[Task goal]: Your copy should start at the line with "Now Reddit can" and end at the line with "In this question, we" in the data below. Transcribe only those lines, exactly, pictures excluded.

╭─ Information given

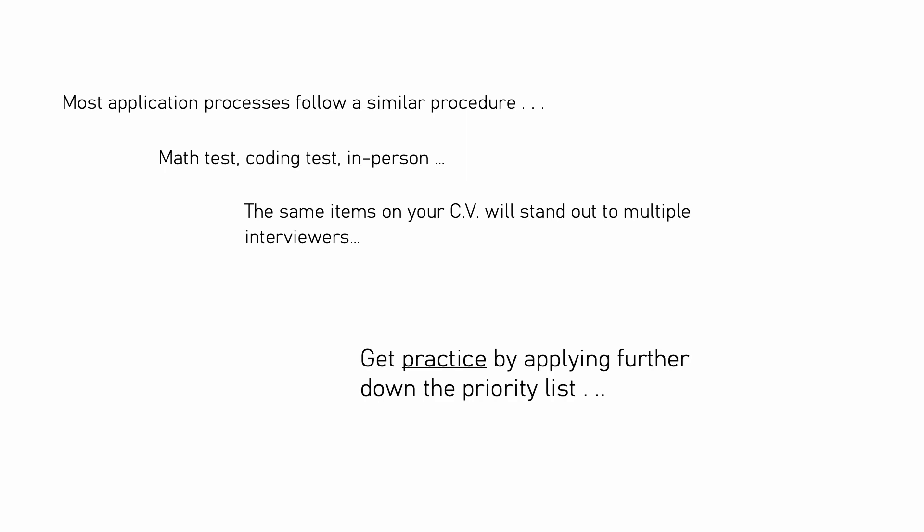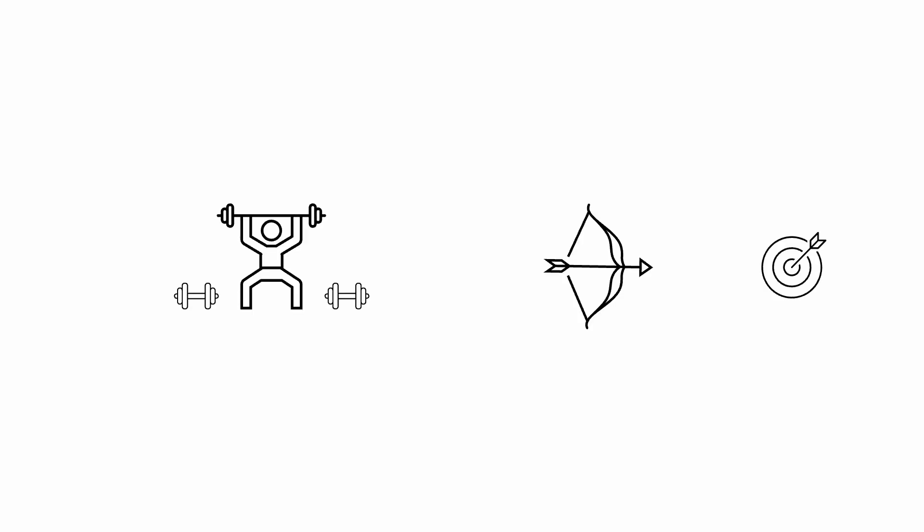Get practice by applying further down your priority list. Smaller firms, less well-known firms, ultra-competitive firms that you don't expect to get in. It helps to visualize these early interviews as your warm-up rounds, like warming up before hitting your main working set in the gym.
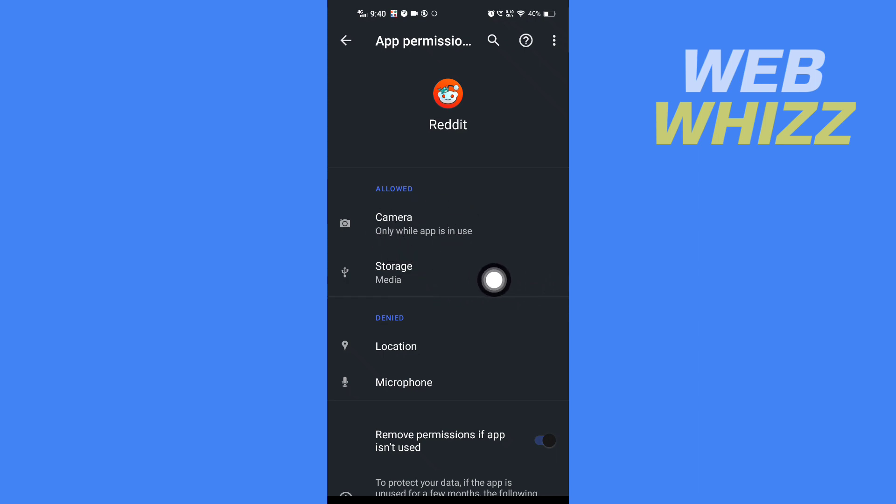Now Reddit can access photos on your phone. This is how you can allow Reddit to access photos. Thanks for watching.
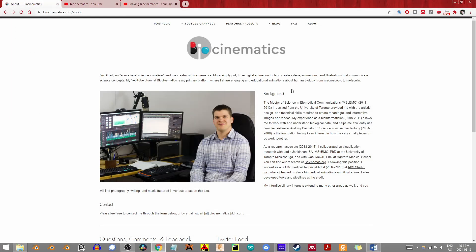Today's feature is none other than Biocinematics and Making Biocinematics, both the work of Stewart Jansen. These represent the first non-Blender scientific visualization I've featured on the channel, and for good reason. Stewart trains specifically in biomedical communications at the University of Toronto in its fantastic master's program and comes from a molecular biology and bioinformatics background.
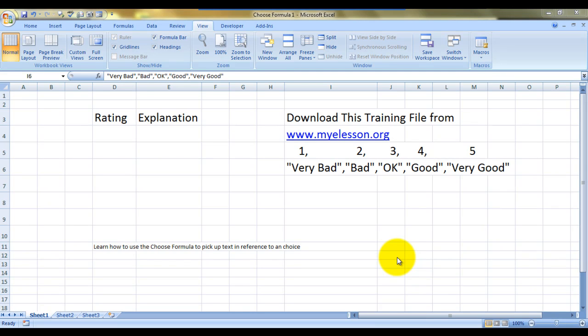Hello everybody and welcome to my e-lesson. I'm your guru and in this video I'll teach you how to use the CHOOSE formula. It's a very powerful formula that can look up a lot of things.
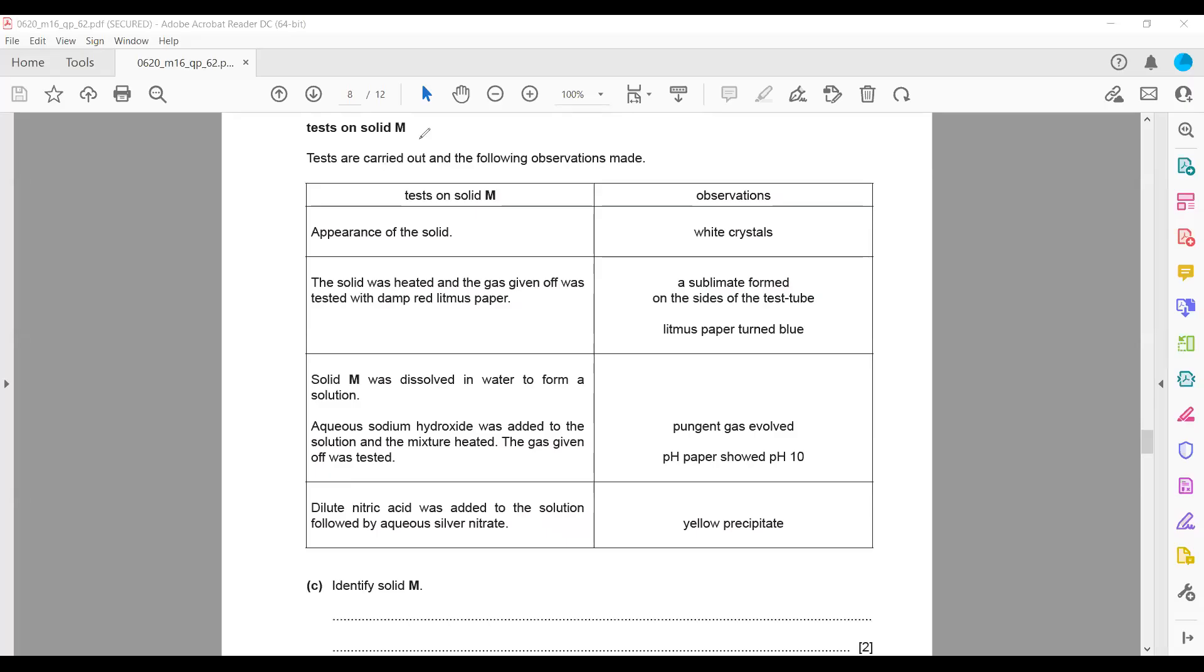In this question, we have solid M. Tests are carried out and the following observations are made. The appearance of the solid is white.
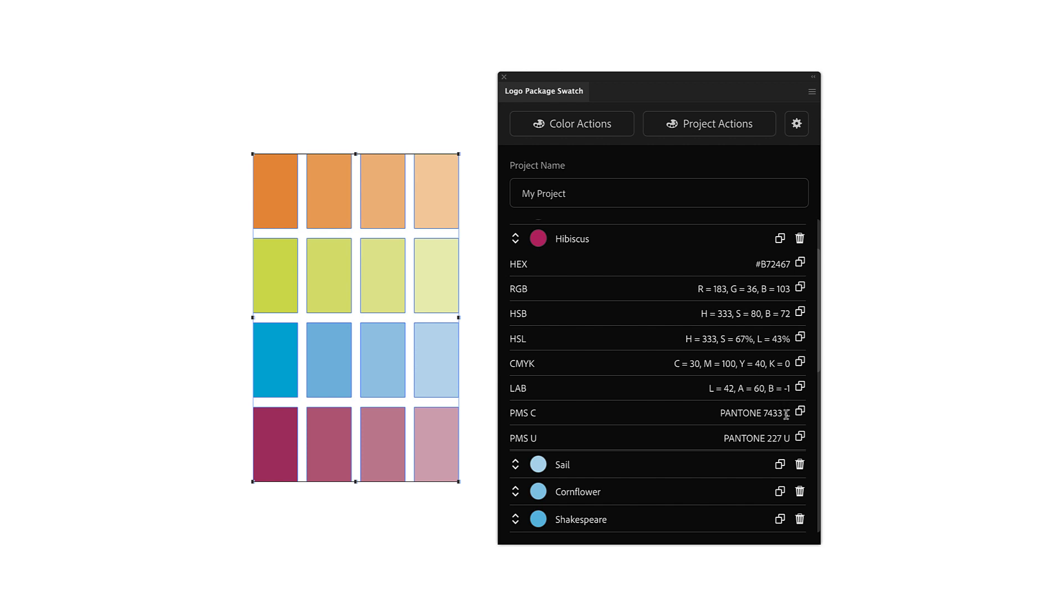That's right, Logo Package Swatch can even convert to Pantone Coated and Uncoated so that you don't have to pull out your swatch books or pay for a Pantone Connect subscription. Just set your colors in Logo Package Swatch and you'll automatically get the best match for your colors. Thanks for watching.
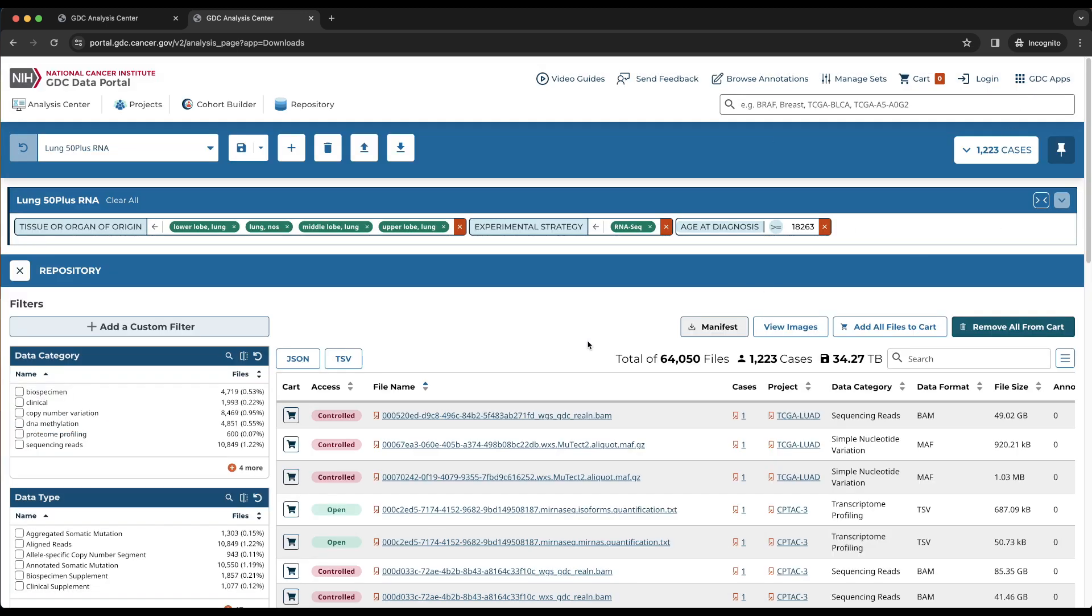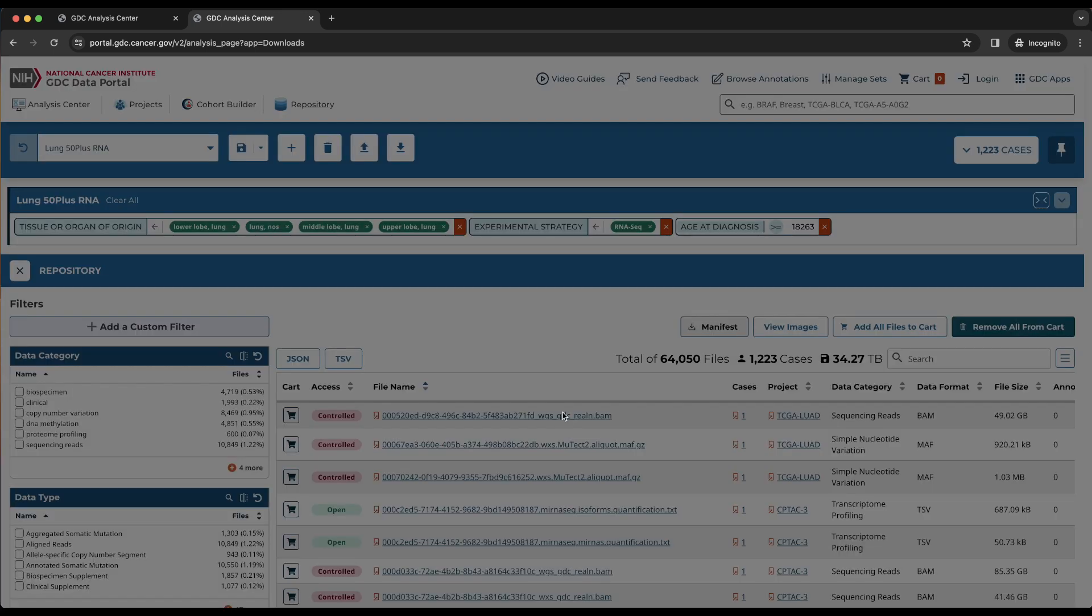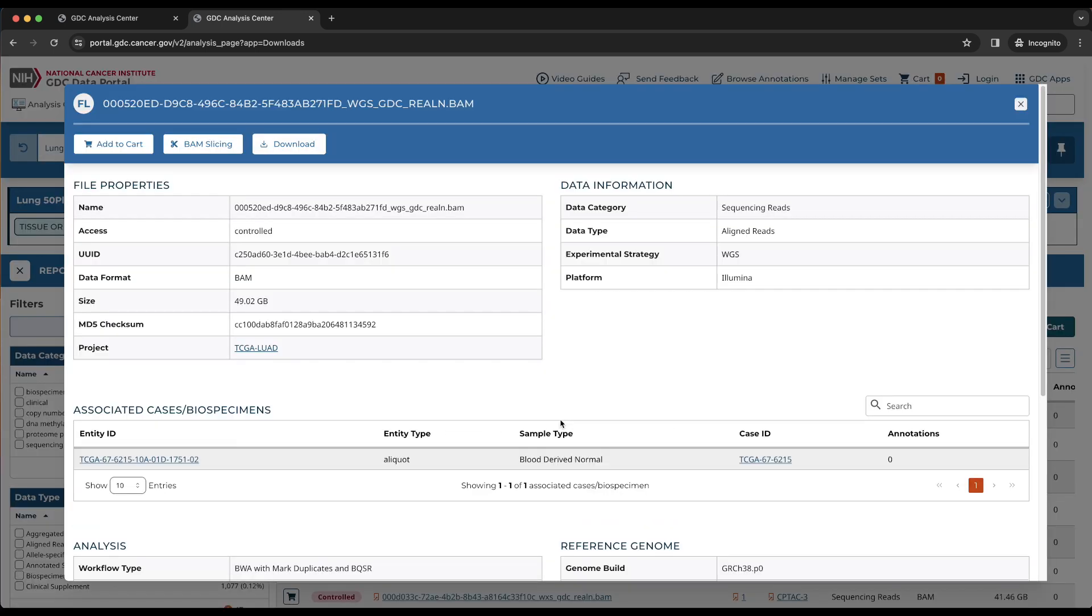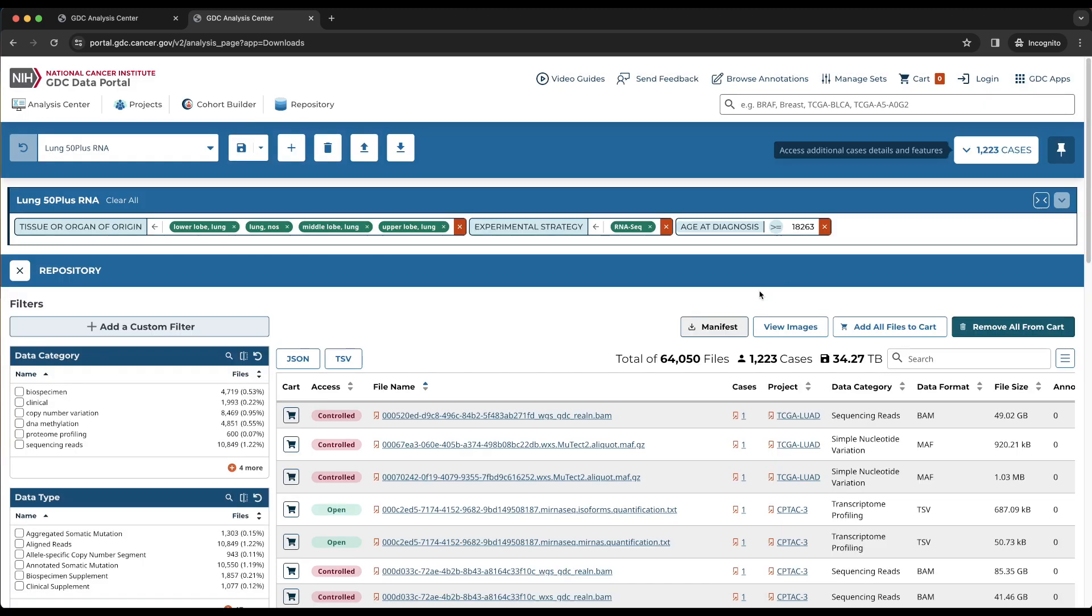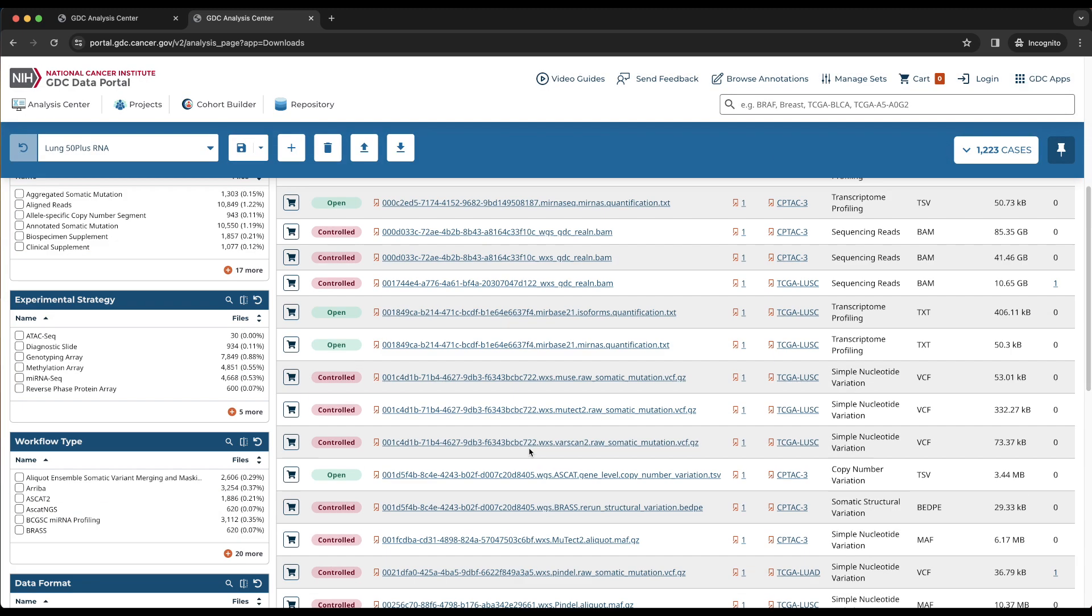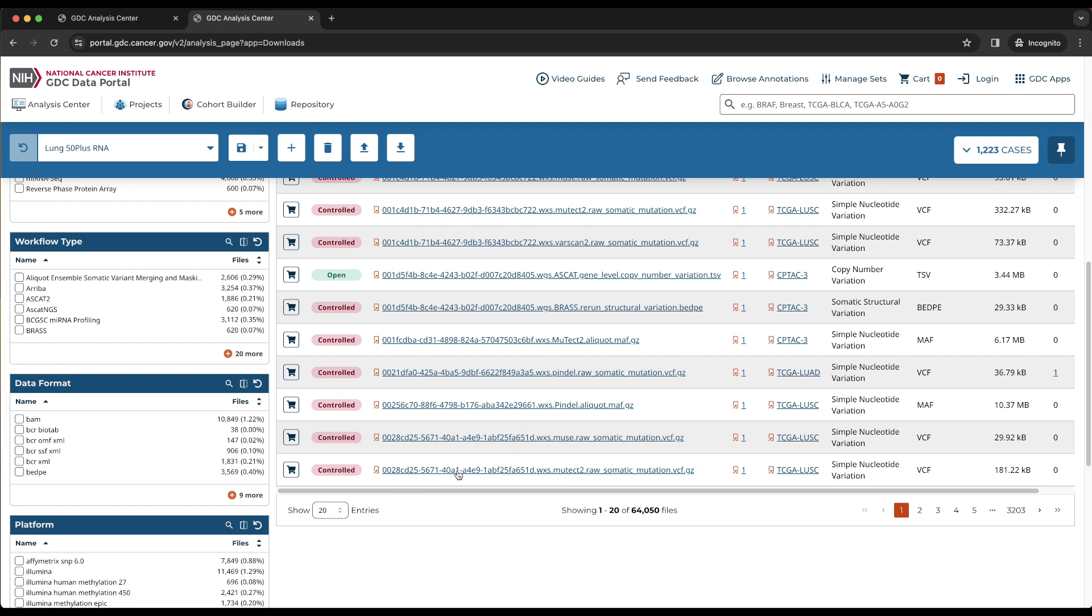Clicking the file name will bring up the file entity page popup, which displays details about the file, including the biospecimen entity, such as the case or aliquot that the file is associated with. The dropdown at the bottom left of the table allows us to select the number of files for each page or browse to a different page.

╰─

[Answer space]:
Now Reddit can access photos on your phone. This is how you can allow Reddit to access photos. Thanks for watching.
Today's feature is none other than Biocinematics and Making Biocinematics, both the work of Stewart Jansen. These represent the first non-Blender scientific visualization I've featured on the channel, and for good reason. Stewart trains specifically in biomedical communications at the University of Toronto in its fantastic master's program and comes from a molecular biology and bioinformatics background.
Hello everybody and welcome to my e-lesson. I'm your guru and in this video I'll teach you how to use the CHOOSE formula. It's a very powerful formula that can look up a lot of things.
In this question, we have solid M. Tests are carried out and the following observations are made. The appearance of the solid is white.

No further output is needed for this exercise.